Work instruction: Print word for word the first line of the records below and every following line through the one containing "Fern Potted Plant 68cm Marhome"; print nothing else.

**** Source data

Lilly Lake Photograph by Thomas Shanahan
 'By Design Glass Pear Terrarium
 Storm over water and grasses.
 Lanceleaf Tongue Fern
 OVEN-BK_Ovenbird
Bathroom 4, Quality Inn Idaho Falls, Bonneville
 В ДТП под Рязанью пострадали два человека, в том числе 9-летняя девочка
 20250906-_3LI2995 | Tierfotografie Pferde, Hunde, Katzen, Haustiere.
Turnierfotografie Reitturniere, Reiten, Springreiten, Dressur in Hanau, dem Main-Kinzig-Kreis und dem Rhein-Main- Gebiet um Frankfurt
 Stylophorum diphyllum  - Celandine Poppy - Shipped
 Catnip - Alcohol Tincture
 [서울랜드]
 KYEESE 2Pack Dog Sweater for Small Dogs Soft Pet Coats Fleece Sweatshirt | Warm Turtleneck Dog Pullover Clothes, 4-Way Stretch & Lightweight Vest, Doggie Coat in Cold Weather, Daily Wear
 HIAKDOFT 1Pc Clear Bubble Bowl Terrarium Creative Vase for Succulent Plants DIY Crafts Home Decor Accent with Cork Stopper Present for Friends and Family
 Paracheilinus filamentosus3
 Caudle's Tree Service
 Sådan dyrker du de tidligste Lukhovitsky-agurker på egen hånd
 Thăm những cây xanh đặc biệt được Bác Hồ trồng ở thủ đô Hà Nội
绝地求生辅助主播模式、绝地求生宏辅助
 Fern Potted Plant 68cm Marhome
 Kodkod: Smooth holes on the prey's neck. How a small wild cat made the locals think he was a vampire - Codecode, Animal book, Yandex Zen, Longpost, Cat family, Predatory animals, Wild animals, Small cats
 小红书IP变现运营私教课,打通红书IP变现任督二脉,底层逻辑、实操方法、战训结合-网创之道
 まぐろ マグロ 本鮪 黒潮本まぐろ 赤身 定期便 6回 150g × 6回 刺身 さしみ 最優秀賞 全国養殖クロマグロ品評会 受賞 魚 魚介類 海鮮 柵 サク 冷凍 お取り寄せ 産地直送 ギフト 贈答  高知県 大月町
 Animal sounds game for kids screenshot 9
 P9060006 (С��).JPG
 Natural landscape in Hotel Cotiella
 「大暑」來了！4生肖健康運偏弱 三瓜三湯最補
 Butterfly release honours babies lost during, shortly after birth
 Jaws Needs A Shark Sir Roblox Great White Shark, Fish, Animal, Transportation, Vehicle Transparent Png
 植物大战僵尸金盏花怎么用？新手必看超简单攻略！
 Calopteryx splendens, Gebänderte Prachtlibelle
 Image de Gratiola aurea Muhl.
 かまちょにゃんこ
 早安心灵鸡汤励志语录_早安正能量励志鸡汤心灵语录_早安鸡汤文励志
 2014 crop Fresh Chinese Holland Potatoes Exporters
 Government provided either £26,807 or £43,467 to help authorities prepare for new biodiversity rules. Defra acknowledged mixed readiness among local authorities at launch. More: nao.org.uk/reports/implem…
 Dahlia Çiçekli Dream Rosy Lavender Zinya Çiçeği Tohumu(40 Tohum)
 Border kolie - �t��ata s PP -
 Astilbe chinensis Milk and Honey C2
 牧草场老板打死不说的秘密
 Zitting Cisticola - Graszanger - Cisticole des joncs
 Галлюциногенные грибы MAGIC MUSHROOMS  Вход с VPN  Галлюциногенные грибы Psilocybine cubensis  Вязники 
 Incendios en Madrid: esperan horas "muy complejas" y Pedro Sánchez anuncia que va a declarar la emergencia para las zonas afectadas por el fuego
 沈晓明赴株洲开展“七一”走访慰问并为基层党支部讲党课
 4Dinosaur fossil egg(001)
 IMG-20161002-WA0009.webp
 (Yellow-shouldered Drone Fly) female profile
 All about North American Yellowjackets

********

Task output:
Lilly Lake Photograph by Thomas Shanahan
 'By Design Glass Pear Terrarium
 Storm over water and grasses.
 Lanceleaf Tongue Fern
 OVEN-BK_Ovenbird
Bathroom 4, Quality Inn Idaho Falls, Bonneville
 В ДТП под Рязанью пострадали два человека, в том числе 9-летняя девочка
 20250906-_3LI2995 | Tierfotografie Pferde, Hunde, Katzen, Haustiere.
Turnierfotografie Reitturniere, Reiten, Springreiten, Dressur in Hanau, dem Main-Kinzig-Kreis und dem Rhein-Main- Gebiet um Frankfurt
 Stylophorum diphyllum  - Celandine Poppy - Shipped
 Catnip - Alcohol Tincture
 [서울랜드]
 KYEESE 2Pack Dog Sweater for Small Dogs Soft Pet Coats Fleece Sweatshirt | Warm Turtleneck Dog Pullover Clothes, 4-Way Stretch & Lightweight Vest, Doggie Coat in Cold Weather, Daily Wear
 HIAKDOFT 1Pc Clear Bubble Bowl Terrarium Creative Vase for Succulent Plants DIY Crafts Home Decor Accent with Cork Stopper Present for Friends and Family
 Paracheilinus filamentosus3
 Caudle's Tree Service
 Sådan dyrker du de tidligste Lukhovitsky-agurker på egen hånd
 Thăm những cây xanh đặc biệt được Bác Hồ trồng ở thủ đô Hà Nội
绝地求生辅助主播模式、绝地求生宏辅助
 Fern Potted Plant 68cm Marhome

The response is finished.